# Available data
:::::

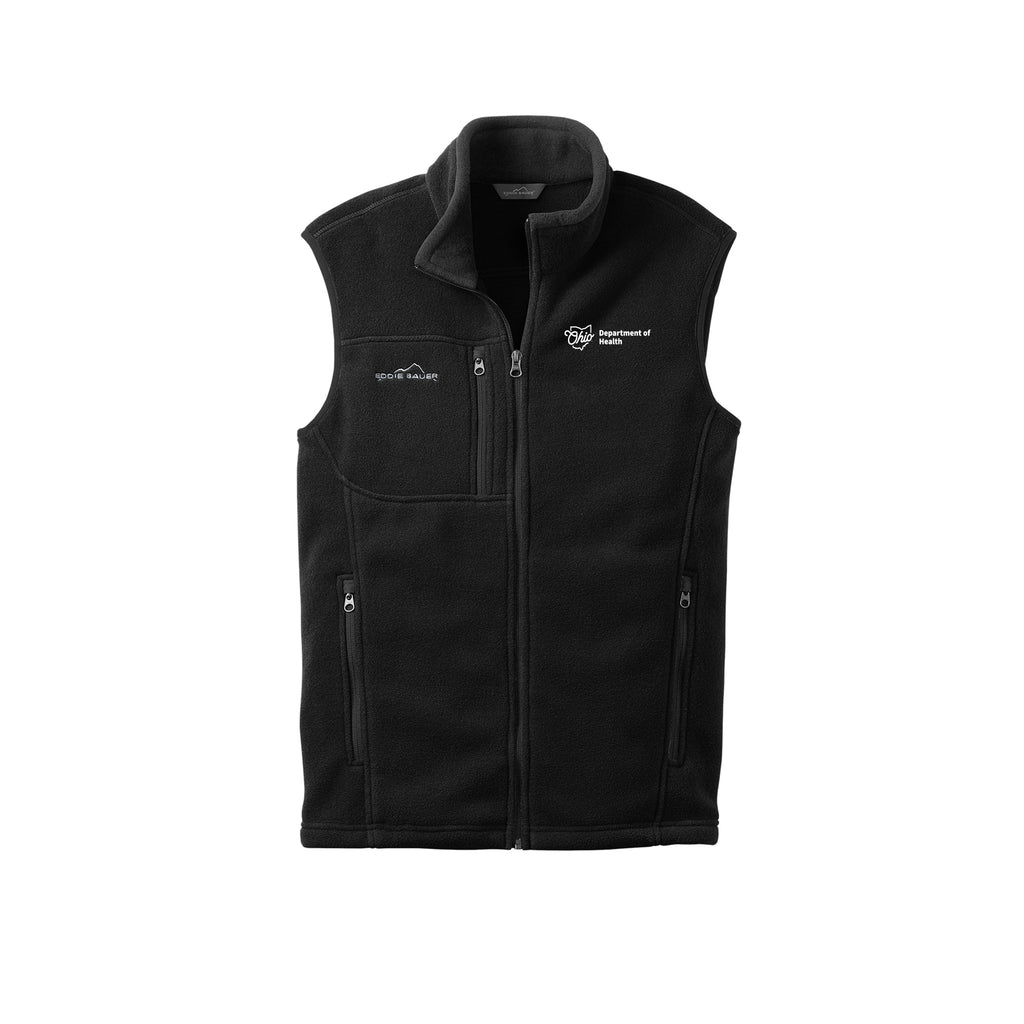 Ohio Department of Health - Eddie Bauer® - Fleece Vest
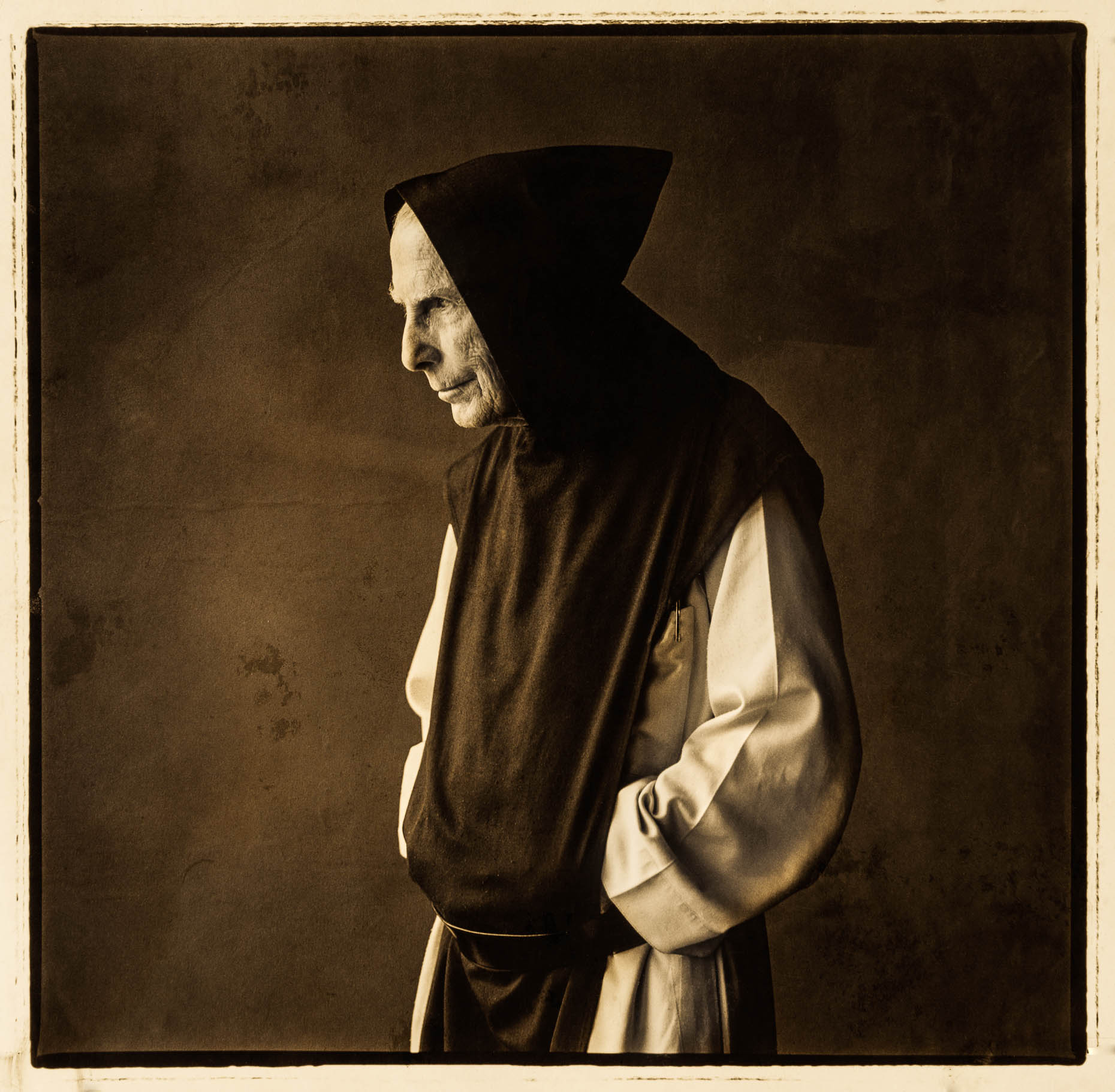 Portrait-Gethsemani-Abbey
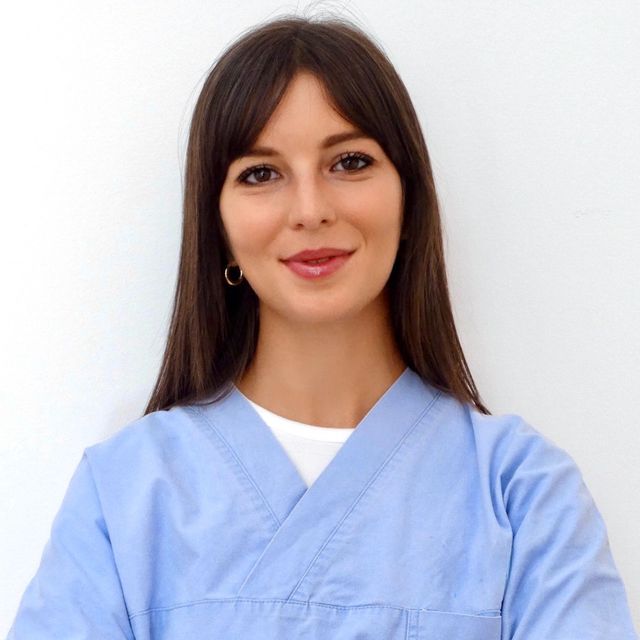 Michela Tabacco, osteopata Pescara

:::::

# What this task involves
Output the data above verbatim, pictures excluded.

# Answer to this task
 Ohio Department of Health - Eddie Bauer® - Fleece Vest
 Portrait-Gethsemani-Abbey
 Michela Tabacco, osteopata Pescara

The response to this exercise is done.